In the transcendence 
of convalescence
the translation
of Bashō



These two poems follow one upon the other in Blue Chicory and it would be a stretch to imagine that they are unrelated, either for the poet or the editor that has placed them thus. The first, though not a variant of Bashō's famed frog ku, does bring it to mind, centering as it does on sound, and being placed as it is before "In the transcendence," which does reference the earlier master poet.

This second poem at first recalls, for those familiar with the classic Japanese haiku masters, Shiki rather than Bashō, but upon close inspection such speculation is most probably beside the point. 
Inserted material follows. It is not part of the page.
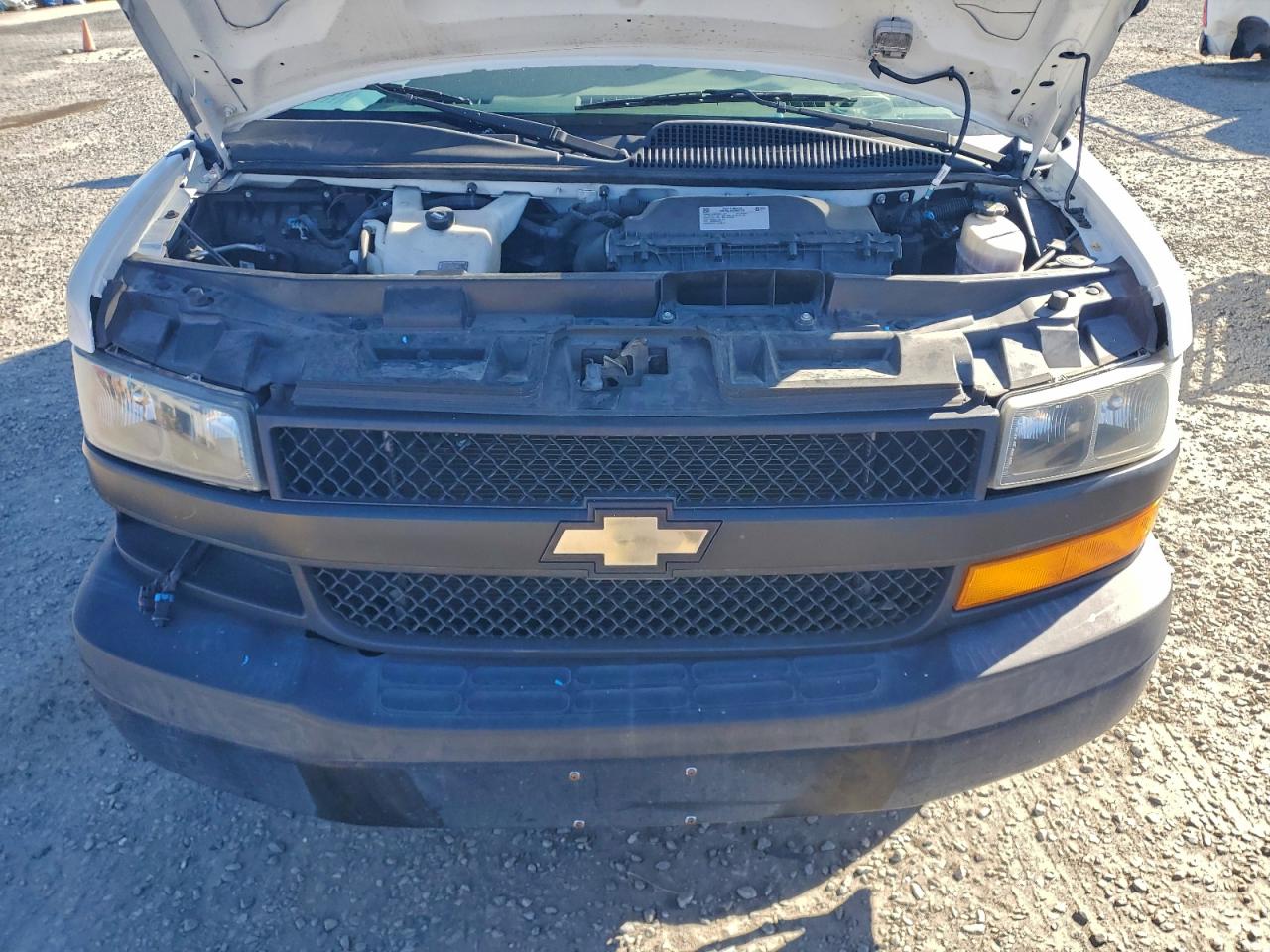 Chevrolet Express Image 12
The moment captured here is simply as stated. All who have experienced prolonged convalescence or illness know what the transcendence is of which she speaks. To encounter a particular translation of Bashō during (or perhaps sparked by) such a volatile state might make for an astounding moment, indeed.

The radio talk this morning
was of obliterating
the world

I notice fruit flies rise 
from the rind
of the recommended 
melon  

Here is a poem truly in the spirit of haiku, even if worked out more to tanka length, and beyond. The connection which crackles in the rubbing together of two seemingly disparate elements is the essence of haiku.

And what you liked
or did -
no matter

once the moon
dipped down
and fish rose
from under 

This is an ominous tone that certainly relates to the first stanza of "The radio"." Just swap out the second stanzas in these two poems to see how tonally similar they truly are, and how very ominous, too.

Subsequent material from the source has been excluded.